Stored data Block Start

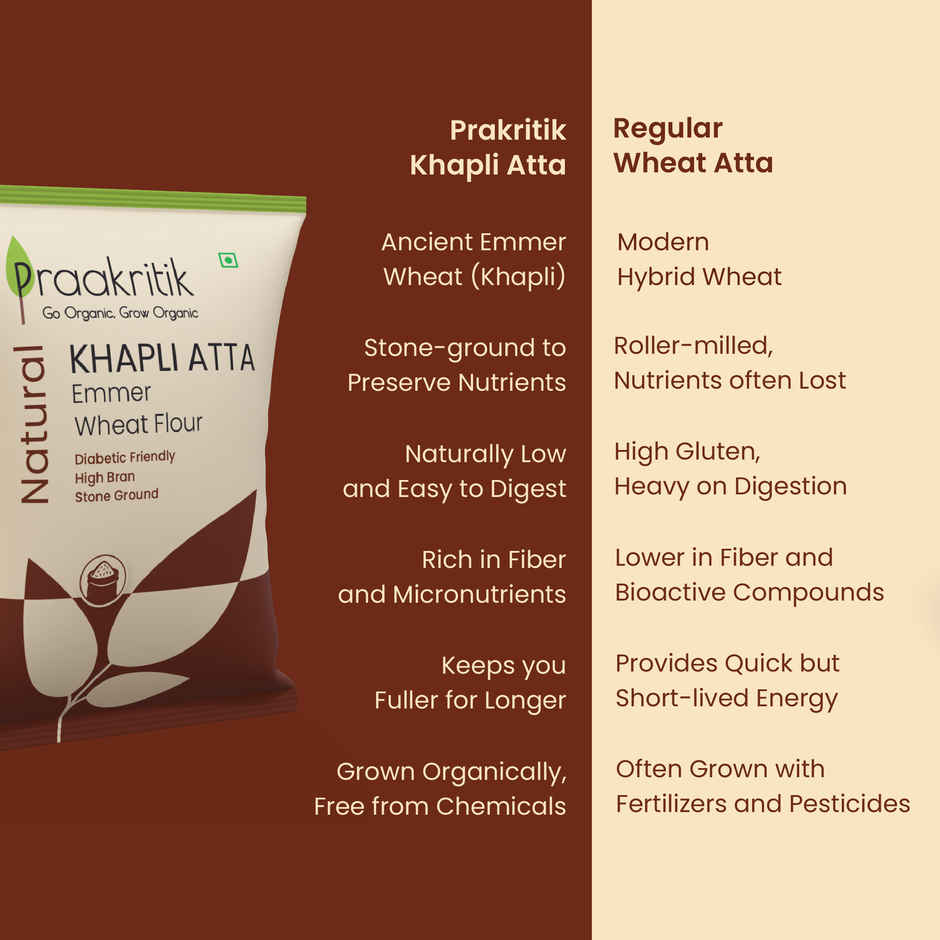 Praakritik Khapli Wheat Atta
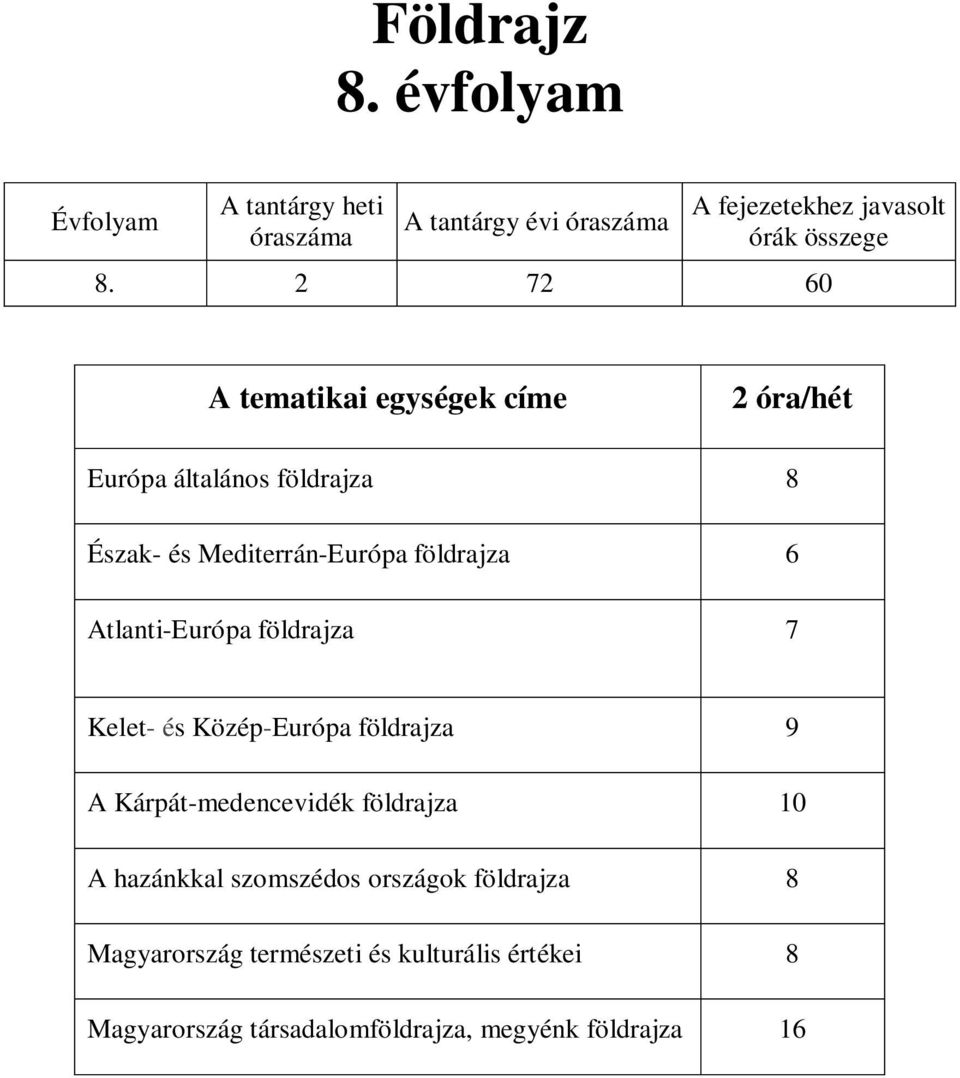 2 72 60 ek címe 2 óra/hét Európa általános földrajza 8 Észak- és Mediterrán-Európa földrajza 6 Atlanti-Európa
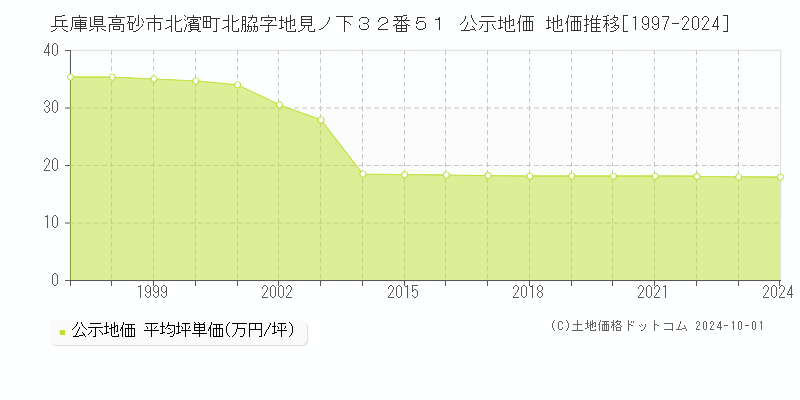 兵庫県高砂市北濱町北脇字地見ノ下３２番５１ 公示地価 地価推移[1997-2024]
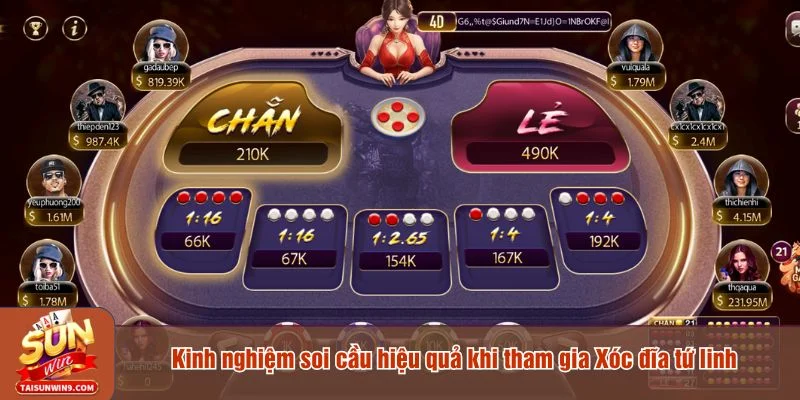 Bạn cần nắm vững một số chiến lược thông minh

Stored data Block End

Exercise instructions - I need the lines from the line containing "兵庫県高砂市北濱町北脇字地見ノ下３２番５１ 公示地価 地価推移[1997-2024]" through the final line of the listing duplicated exactly, both ends included, with no pictures and nothing else.

Answer to this task -
 兵庫県高砂市北濱町北脇字地見ノ下３２番５１ 公示地価 地価推移[1997-2024]
 Bạn cần nắm vững một số chiến lược thông minh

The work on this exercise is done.